Arteriovenous Fistula: An AV fistula is a surgical connection between an artery and a vein. Fistulas are the preferred access for long term dialysis because they last longer, are less prone to infections and clotting, provide better blood flow and are known for reliable, predictable performance. A fistula is created under the skin during an outpatient procedure and is usually ready for initial use approximately four months after placement.
Arteriovenous Graft: An AV graft is a soft synthetic tube implanted under the skin to make the connection between an artery to a vein. AV grafts can be used repeatedly for needle placement but are more prone to infections and clotting compared to fistulas. Grafts are typically used in patients with smaller veins that will not properly develop into a functioning fistula. AV grafts can be used after approximately two to three weeks after placement.
Peritoneal Dialysis Catheter: A PD catheter is a flexible plastic tube through which dialysis solution enters the abdominal cavity, dwells inside the cavity for a prescribed amount of time, and then drains into a collection bag. PD catheter placement is considered a minor procedure, and complications are rare.
What you can do for kidney health
- Get tested
- Glomerular Filtration Rate (GFR) is an indicator of how well your kidneys are working to remove waste
- Urine albumin-to-creatinine ratio estimates the amount of albumin, or protein, excreted in your urine (there is no protein in the urine of people without kidney disease)
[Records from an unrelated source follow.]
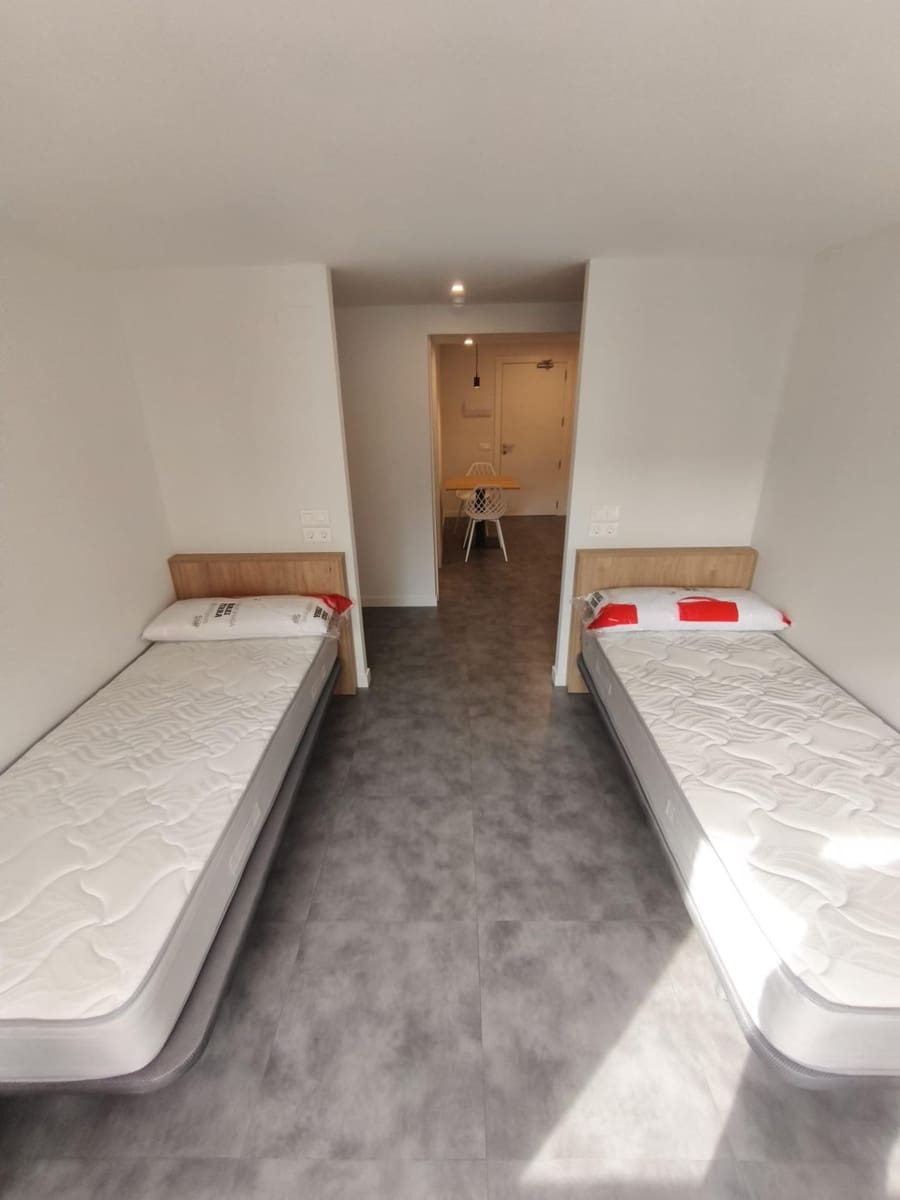 Appartement de 14 chambres à louer à Lleida ville - 650 € (Ref: 9611632)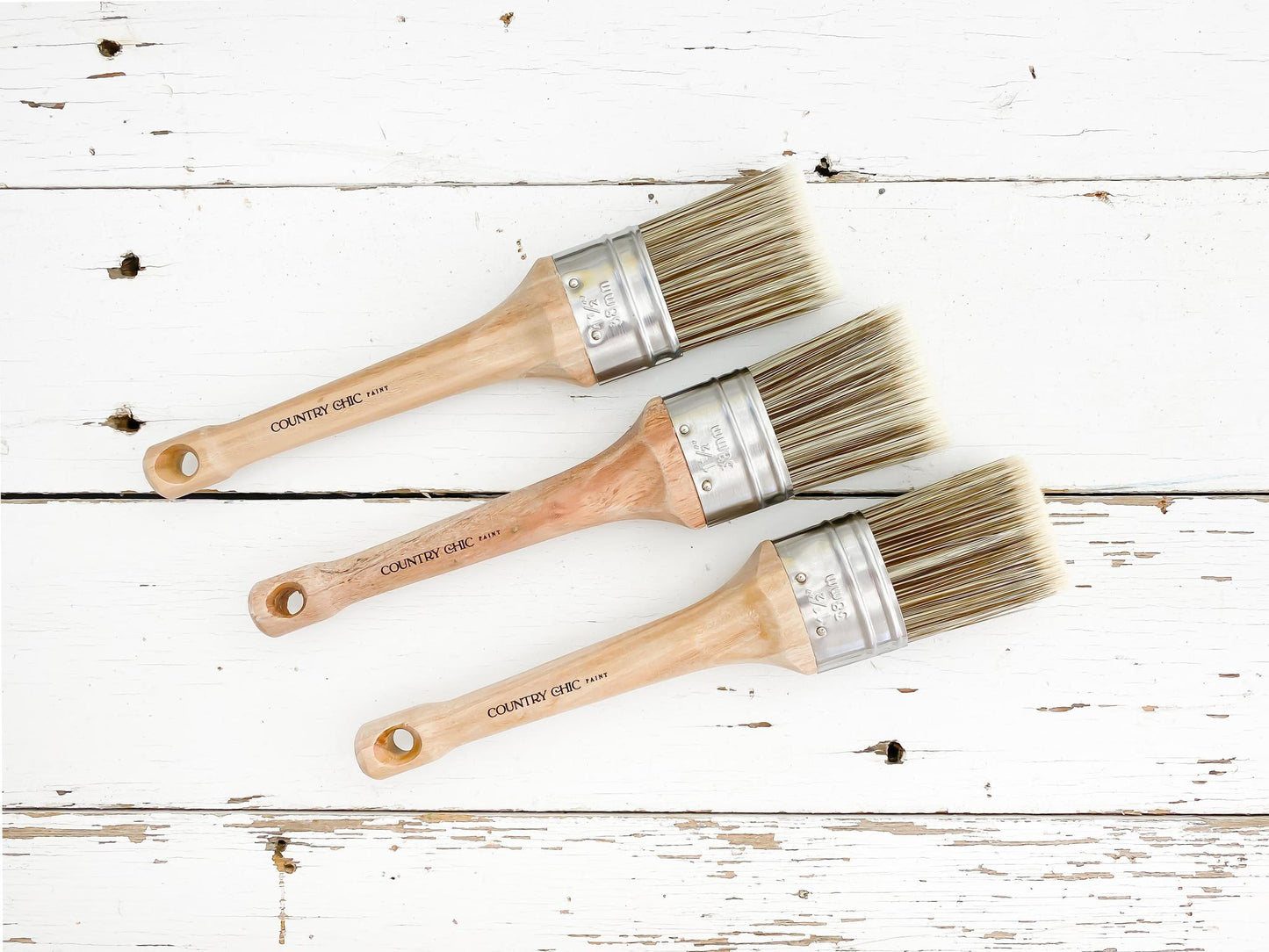Country Chic - Oval Paint Brush-Synthetic Bristles For Smooth Application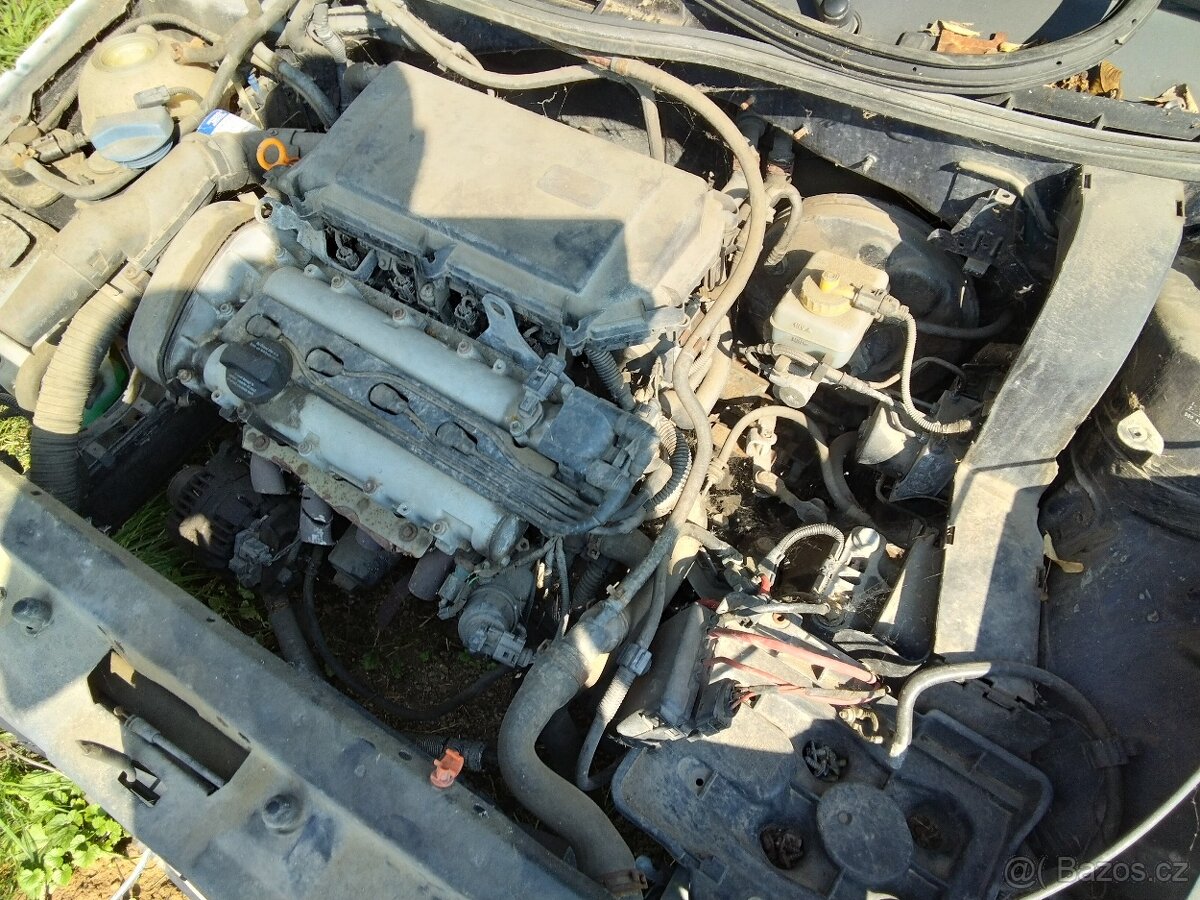 Škoda Octavia 1. 1.4 16V motor, převodovka.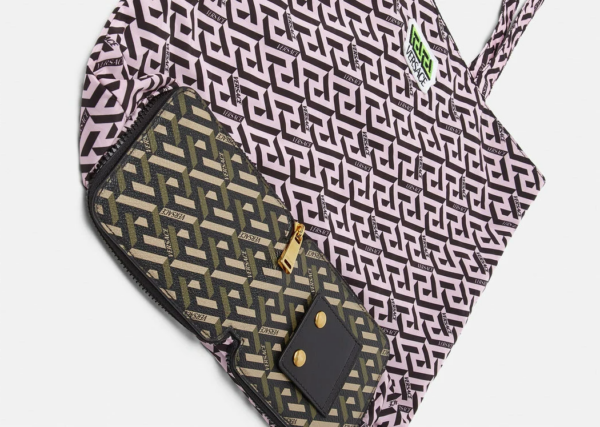 Túi Versace La Greca Signature Tall Tote Bag Black Pink 1001753-1A01443-5G16V - Ảnh 6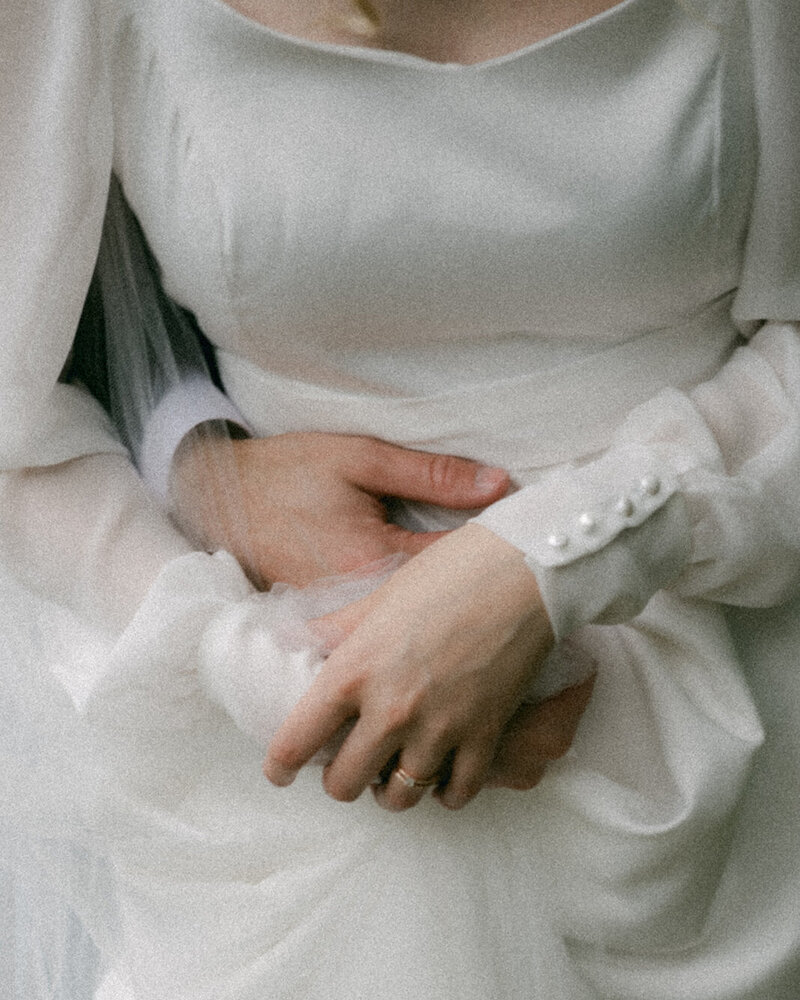 Wedding photo of an Intimate and romantic wedding  photography session in Porvoo by photographer Hannika Gabrielsson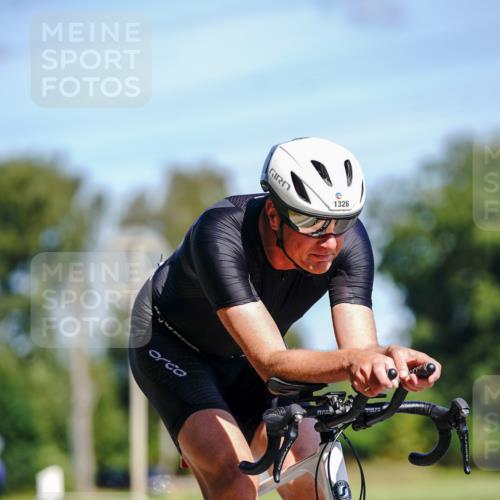 07.09.2025 - 19. Norderstedt Triathlon Michael Burmester http://msf.ph/oto/8836508 07.09.2025 12:46:39 Radfahren 1326 meine-sportfotos.de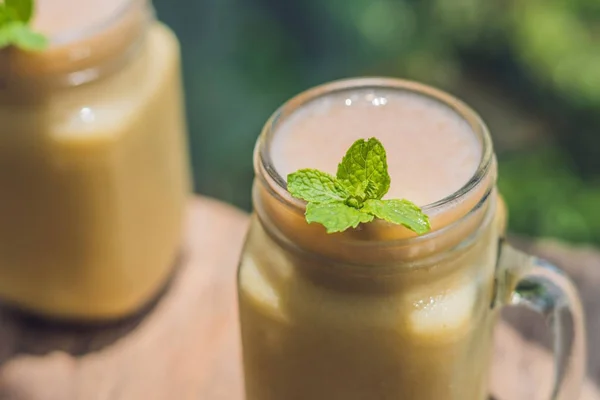 Banánové smoothie na pozadí — Stock fotografie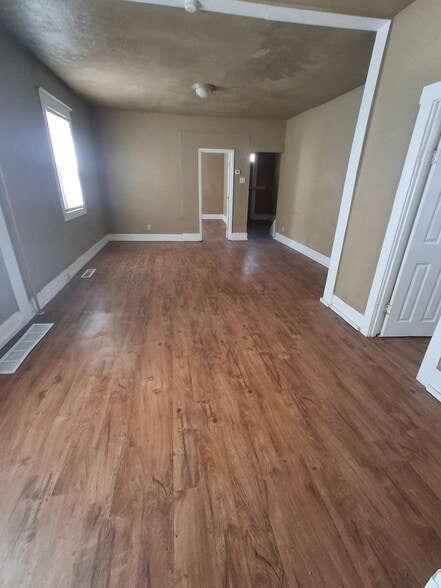 Building Photo - 1558 N Main St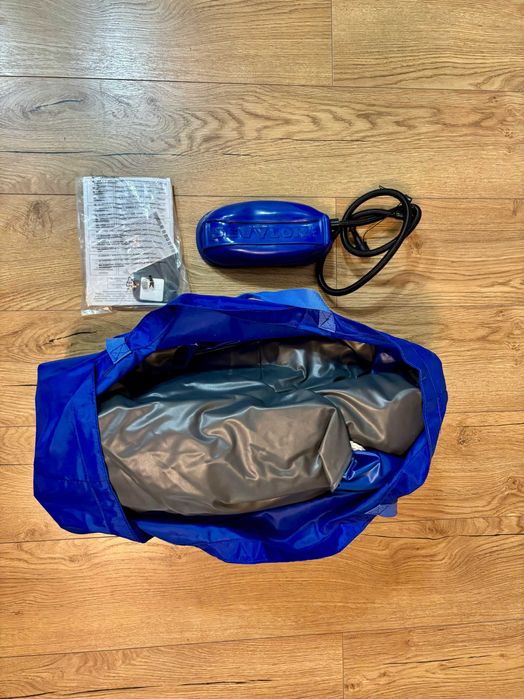 Barcă gonflabilă albastră cu accesorii, folosită o singură dată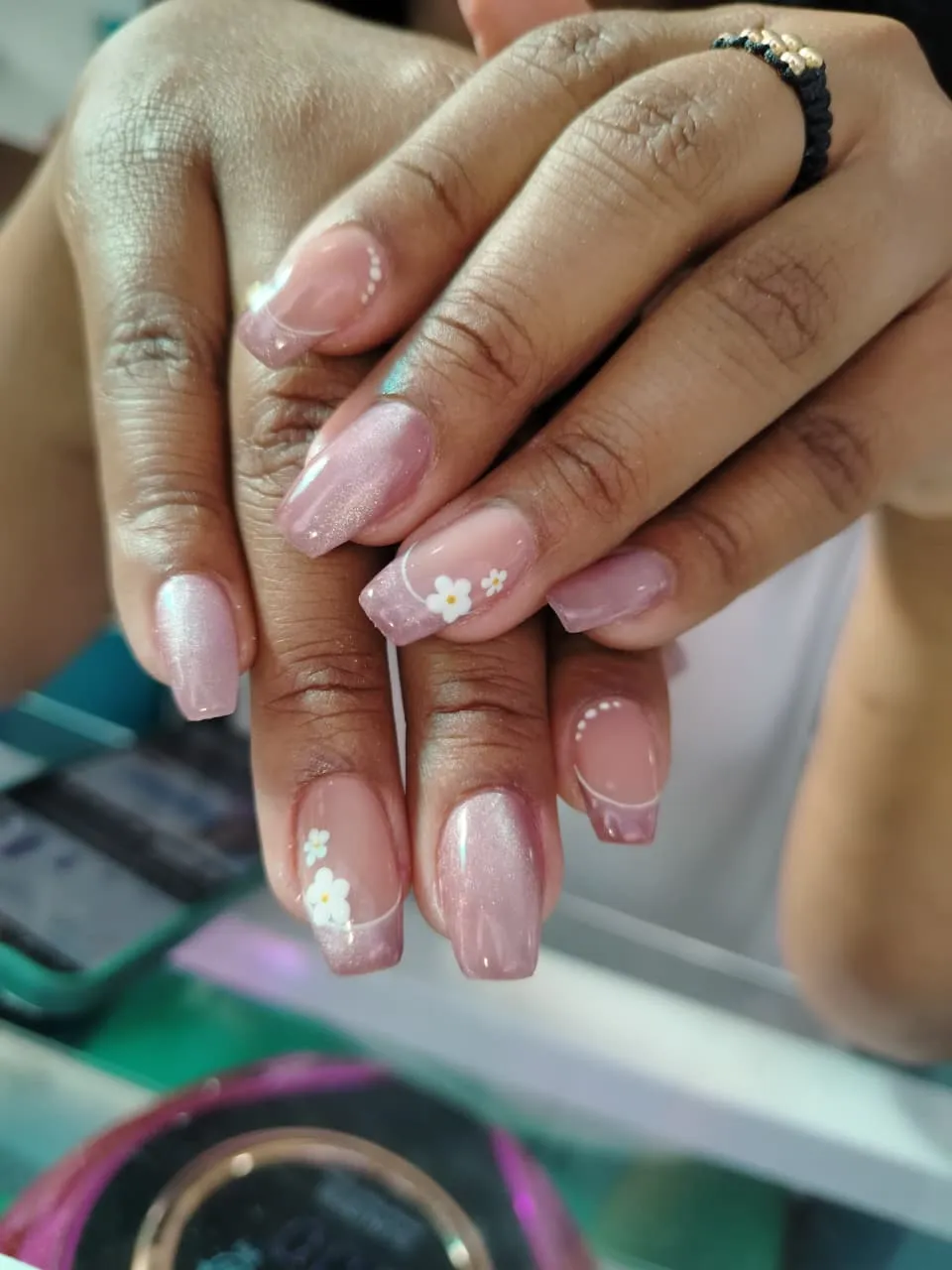 Manicure Semi + Efecto ojo de gato o aur - 1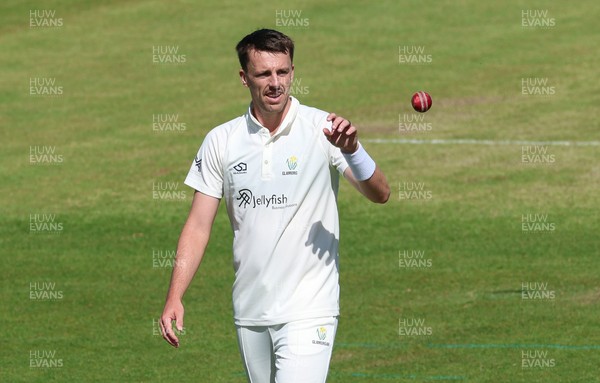 060426 - Glamorgan v Yorkshire, Rothesay County Championship, Division One - Ryan Hadley of Glamorgan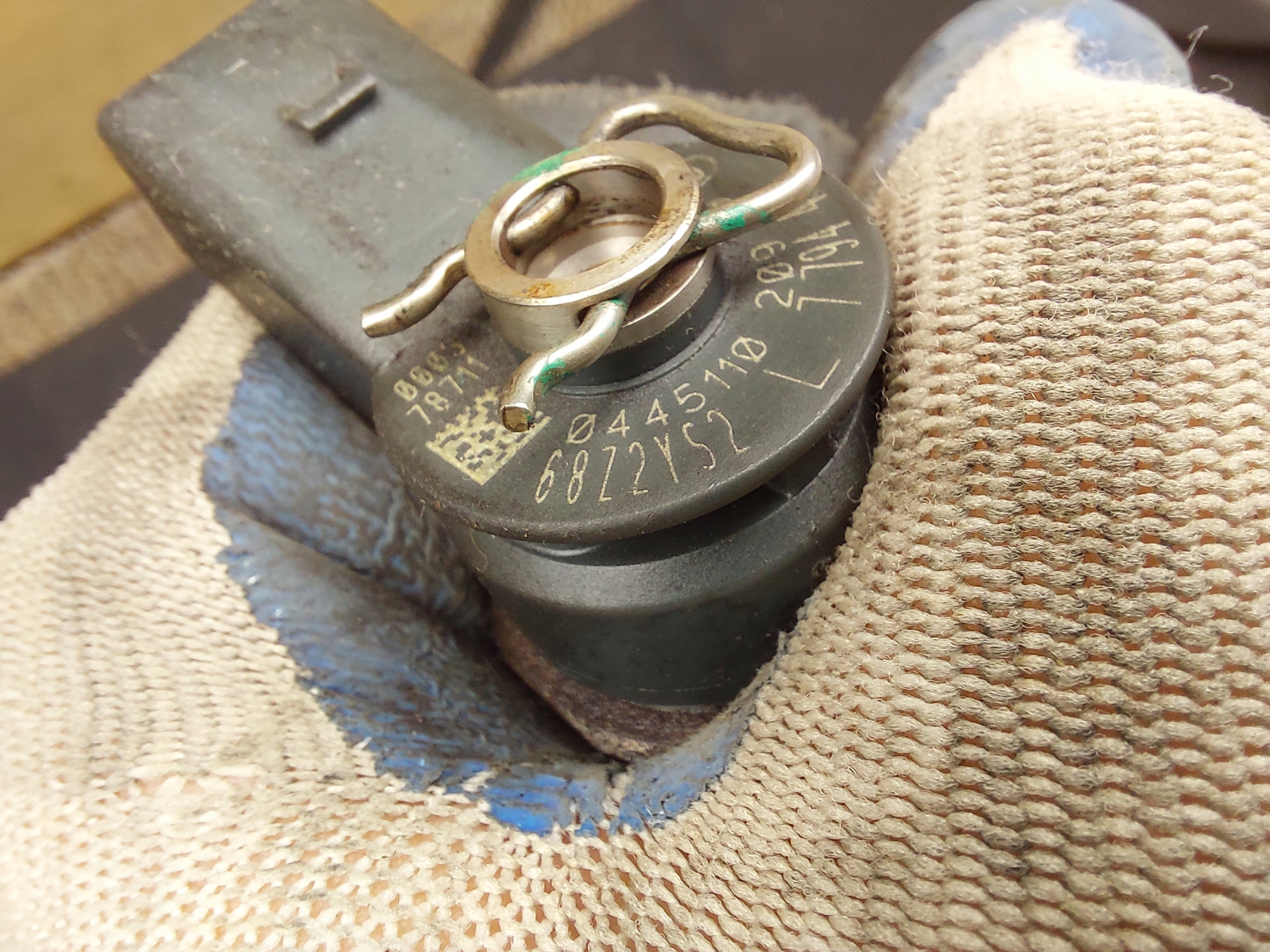nozzle injector BMW E90 2.0 D N47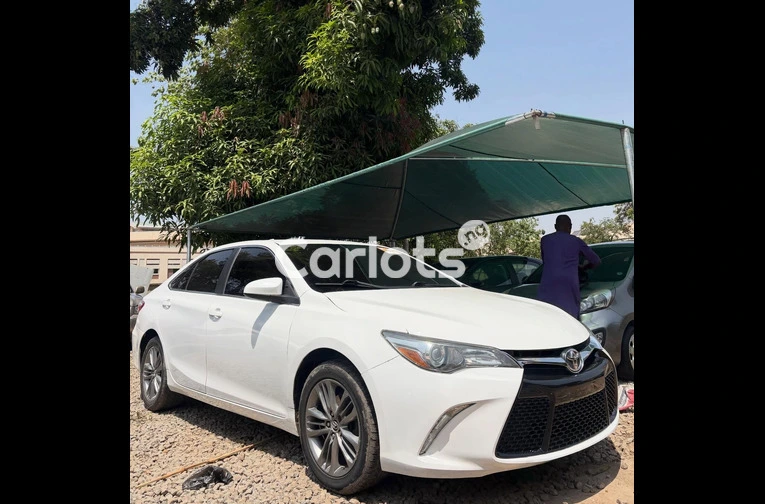 EXTREMELY CLEAN FOREIGN USED 2016 TOYOTA CAMRY WITH ORIGINAL CUSTOM DUTY - 3/7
- Reduce your use of non-steroidal anti-inflammatory (NSAIDs) such as Advil®, Aleve®, Motrin®, ibuprofen, or naproxen
- Eliminate processed foods from your diet
- Exercise regularly
- Control your blood pressure and blood sugar
National Kidney Month and World Kidney Day
Along with National Kidney Month, March 14th is World Kidney Day. These are two great opportunities to spread awareness across the country and around the world about chronic kidney disease and the importance of good kidney health and early detection of disease.
Early detection of kidney disease is important in preventing the progression from kidney disease to kidney failure. The sooner you know you have kidney disease, the better. Some ways to manage your kidney disease are to control your blood pressure, take medication as prescribed, develop a proper meal plan, and stop smoking.